§ WORK INSTRUCTIONS: Up through the line that contains "Actually rotating your", retype the entries exactly, beginning at the very first line.

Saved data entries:
* * * * * * * * *
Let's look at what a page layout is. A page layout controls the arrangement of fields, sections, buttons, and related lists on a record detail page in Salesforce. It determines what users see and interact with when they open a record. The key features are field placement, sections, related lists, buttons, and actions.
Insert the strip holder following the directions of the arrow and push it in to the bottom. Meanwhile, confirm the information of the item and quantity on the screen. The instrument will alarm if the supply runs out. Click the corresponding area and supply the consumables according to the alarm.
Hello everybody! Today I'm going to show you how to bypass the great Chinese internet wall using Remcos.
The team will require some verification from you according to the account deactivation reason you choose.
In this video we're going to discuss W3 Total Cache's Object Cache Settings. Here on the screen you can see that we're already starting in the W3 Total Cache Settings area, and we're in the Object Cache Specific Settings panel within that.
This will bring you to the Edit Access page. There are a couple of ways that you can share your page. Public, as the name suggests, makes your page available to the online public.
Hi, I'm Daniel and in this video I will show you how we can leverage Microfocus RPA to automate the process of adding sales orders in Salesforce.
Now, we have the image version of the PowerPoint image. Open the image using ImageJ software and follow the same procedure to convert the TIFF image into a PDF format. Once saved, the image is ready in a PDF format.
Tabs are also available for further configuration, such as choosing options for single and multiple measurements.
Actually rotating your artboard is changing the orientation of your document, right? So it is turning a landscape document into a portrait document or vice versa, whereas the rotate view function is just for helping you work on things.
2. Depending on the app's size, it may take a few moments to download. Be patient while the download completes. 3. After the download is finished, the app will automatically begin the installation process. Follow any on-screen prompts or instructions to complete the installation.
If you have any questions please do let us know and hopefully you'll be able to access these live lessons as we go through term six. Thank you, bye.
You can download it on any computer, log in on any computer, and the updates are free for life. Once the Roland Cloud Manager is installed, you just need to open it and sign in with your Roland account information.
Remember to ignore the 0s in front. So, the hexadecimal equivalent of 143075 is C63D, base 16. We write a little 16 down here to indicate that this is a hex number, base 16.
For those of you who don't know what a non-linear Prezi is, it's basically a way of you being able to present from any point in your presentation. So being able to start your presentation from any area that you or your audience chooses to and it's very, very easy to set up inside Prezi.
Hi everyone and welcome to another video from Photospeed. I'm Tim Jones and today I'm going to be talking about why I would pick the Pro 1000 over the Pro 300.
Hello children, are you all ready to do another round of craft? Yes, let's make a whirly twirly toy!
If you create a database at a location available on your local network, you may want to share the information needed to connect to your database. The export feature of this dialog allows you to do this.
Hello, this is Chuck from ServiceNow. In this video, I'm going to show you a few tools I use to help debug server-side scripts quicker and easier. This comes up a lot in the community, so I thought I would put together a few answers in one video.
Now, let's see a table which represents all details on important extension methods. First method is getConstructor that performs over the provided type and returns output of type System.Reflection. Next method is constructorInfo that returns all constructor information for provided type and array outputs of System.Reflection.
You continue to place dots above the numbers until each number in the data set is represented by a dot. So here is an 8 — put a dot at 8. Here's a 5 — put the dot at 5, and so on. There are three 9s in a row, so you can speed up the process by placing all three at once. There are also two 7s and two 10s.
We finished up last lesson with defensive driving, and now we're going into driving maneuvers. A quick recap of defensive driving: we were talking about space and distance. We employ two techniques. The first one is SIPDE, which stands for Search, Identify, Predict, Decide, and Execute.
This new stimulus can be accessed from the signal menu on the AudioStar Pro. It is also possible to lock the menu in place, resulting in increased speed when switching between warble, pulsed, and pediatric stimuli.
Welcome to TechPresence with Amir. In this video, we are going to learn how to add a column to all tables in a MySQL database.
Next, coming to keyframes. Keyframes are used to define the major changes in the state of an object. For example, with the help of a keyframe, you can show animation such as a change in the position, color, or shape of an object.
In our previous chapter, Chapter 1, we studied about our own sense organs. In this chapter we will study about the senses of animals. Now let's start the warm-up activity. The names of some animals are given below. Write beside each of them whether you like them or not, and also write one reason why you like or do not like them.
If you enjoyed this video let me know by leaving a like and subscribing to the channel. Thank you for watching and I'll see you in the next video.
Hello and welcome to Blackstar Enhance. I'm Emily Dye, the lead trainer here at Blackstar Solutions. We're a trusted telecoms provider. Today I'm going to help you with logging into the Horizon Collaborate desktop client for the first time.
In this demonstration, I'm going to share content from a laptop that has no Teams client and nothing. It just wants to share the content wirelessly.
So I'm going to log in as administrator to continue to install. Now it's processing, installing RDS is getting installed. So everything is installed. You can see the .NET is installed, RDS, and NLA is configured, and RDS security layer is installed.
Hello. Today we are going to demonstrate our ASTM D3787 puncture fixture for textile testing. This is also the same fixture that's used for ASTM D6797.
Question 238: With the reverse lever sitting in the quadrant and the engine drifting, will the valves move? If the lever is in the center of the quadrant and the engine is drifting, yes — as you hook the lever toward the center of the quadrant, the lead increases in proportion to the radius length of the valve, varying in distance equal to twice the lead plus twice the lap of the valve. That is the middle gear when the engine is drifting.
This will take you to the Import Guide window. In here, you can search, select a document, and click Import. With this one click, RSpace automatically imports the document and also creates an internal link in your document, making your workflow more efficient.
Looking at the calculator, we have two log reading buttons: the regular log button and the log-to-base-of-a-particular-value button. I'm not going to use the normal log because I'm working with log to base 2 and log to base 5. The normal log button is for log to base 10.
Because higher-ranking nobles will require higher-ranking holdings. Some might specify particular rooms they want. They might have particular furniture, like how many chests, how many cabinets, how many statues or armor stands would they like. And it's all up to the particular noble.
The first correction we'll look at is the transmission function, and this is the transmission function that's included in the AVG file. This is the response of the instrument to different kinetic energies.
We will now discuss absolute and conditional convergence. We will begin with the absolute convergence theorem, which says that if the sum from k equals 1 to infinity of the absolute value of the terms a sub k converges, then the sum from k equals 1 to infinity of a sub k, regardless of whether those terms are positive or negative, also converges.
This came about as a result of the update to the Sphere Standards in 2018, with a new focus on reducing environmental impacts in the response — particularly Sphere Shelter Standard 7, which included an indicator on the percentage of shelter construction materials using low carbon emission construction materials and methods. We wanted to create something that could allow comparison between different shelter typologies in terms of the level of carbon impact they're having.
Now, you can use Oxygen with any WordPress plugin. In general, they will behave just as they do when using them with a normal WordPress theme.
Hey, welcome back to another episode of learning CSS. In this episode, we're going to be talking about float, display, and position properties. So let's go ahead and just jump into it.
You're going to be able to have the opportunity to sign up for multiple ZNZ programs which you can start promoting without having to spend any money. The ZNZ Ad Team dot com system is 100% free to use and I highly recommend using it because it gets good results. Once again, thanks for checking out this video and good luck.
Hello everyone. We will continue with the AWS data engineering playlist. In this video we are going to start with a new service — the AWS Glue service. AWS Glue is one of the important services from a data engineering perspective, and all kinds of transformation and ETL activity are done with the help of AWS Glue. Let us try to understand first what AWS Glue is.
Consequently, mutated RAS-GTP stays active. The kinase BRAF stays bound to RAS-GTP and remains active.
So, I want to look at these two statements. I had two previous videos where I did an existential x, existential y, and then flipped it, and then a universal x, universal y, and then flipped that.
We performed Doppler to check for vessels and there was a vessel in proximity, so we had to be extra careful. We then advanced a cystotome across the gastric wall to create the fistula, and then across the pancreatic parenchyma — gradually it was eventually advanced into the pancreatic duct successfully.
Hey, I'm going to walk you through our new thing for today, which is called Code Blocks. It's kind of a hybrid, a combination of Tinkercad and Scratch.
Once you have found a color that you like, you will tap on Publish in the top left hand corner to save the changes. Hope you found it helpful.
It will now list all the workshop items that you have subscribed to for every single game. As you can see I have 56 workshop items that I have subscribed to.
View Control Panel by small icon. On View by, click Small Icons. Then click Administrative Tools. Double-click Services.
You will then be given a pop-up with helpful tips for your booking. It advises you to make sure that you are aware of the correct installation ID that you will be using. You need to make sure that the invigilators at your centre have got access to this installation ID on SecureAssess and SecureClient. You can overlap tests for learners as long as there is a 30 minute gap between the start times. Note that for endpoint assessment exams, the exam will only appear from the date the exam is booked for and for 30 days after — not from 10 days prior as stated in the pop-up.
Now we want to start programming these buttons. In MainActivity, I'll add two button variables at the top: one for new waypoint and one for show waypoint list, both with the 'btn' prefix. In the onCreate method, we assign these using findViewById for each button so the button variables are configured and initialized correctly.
* * * * * * * * *
§ TASK ANSWER:
Let's look at what a page layout is. A page layout controls the arrangement of fields, sections, buttons, and related lists on a record detail page in Salesforce. It determines what users see and interact with when they open a record. The key features are field placement, sections, related lists, buttons, and actions.
Insert the strip holder following the directions of the arrow and push it in to the bottom. Meanwhile, confirm the information of the item and quantity on the screen. The instrument will alarm if the supply runs out. Click the corresponding area and supply the consumables according to the alarm.
Hello everybody! Today I'm going to show you how to bypass the great Chinese internet wall using Remcos.
The team will require some verification from you according to the account deactivation reason you choose.
In this video we're going to discuss W3 Total Cache's Object Cache Settings. Here on the screen you can see that we're already starting in the W3 Total Cache Settings area, and we're in the Object Cache Specific Settings panel within that.
This will bring you to the Edit Access page. There are a couple of ways that you can share your page. Public, as the name suggests, makes your page available to the online public.
Hi, I'm Daniel and in this video I will show you how we can leverage Microfocus RPA to automate the process of adding sales orders in Salesforce.
Now, we have the image version of the PowerPoint image. Open the image using ImageJ software and follow the same procedure to convert the TIFF image into a PDF format. Once saved, the image is ready in a PDF format.
Tabs are also available for further configuration, such as choosing options for single and multiple measurements.
Actually rotating your artboard is changing the orientation of your document, right? So it is turning a landscape document into a portrait document or vice versa, whereas the rotate view function is just for helping you work on things.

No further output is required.